Monday, June 05, 2006 :::
The idea that gerrymandering has undermined political competition is not new (it's as old as the Republic). But the idea is brushed off once more and trotted out for discussion in this Washington Times piece. But the angle isn't so much that partisan competition suffers under gerrymandering. Rather, it's that ideological competition, and specifically between that rare beast "moderation," and it's more aggressive foe, the base, which have become nearly extinct in Virginia's political landscape.
It's something of a legitimate point. Legislative districts have been drawn so that primary races, when they occur, determine winners rather than general elections. And this, according to the political scientists quoted in the article, is why we seem to have such deep divisions between the House and Senate...because the House plays more closely to the base, while the Senate must play to a larger and thus more "moderate" constituency.
But is that necessarily so? Do we see the same sort of behavior in Virginia's congressional delegation?
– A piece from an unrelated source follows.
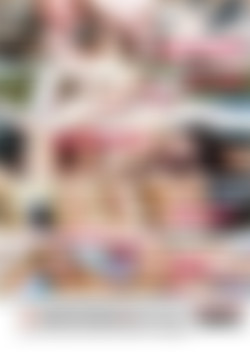 Fucking Old Guys Vol. 3 back cover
I'm not so sure. Granted, congressional districts are far larger than their HOD counterparts. But I don't believe we see any real difference in behavior, or in outcome. And as for the Senate...George Allen and John Warner may both be Republicans, but they have very real differences in their approach to governance.
I'm just not entirely convinced that gerrymandering at the state level has polarized the parties, or made the intra-party differences deeper than they might be under a different scheme. Instead, I think the problem, if that's what it is, arises not from the base one appeals to, but to one's concept of what the majority party should do with its power.
We see that happening to Republicans at the national level, just as we do here in Virginia. The differences are very real, and growing. Conversely, minority Democrats are more united and focused on a single goal -- regaining majority status. What will happen if and when they do regain the majority? The rifts within their own caucus will re-appear (recall that Ronald Reagan was adept at using the fractures within the Democratic party to achieve many of his policy goals in the early 1980s).
If that happens, will we see pieces like this one re-appear in the Washington Times? I'm not so sure.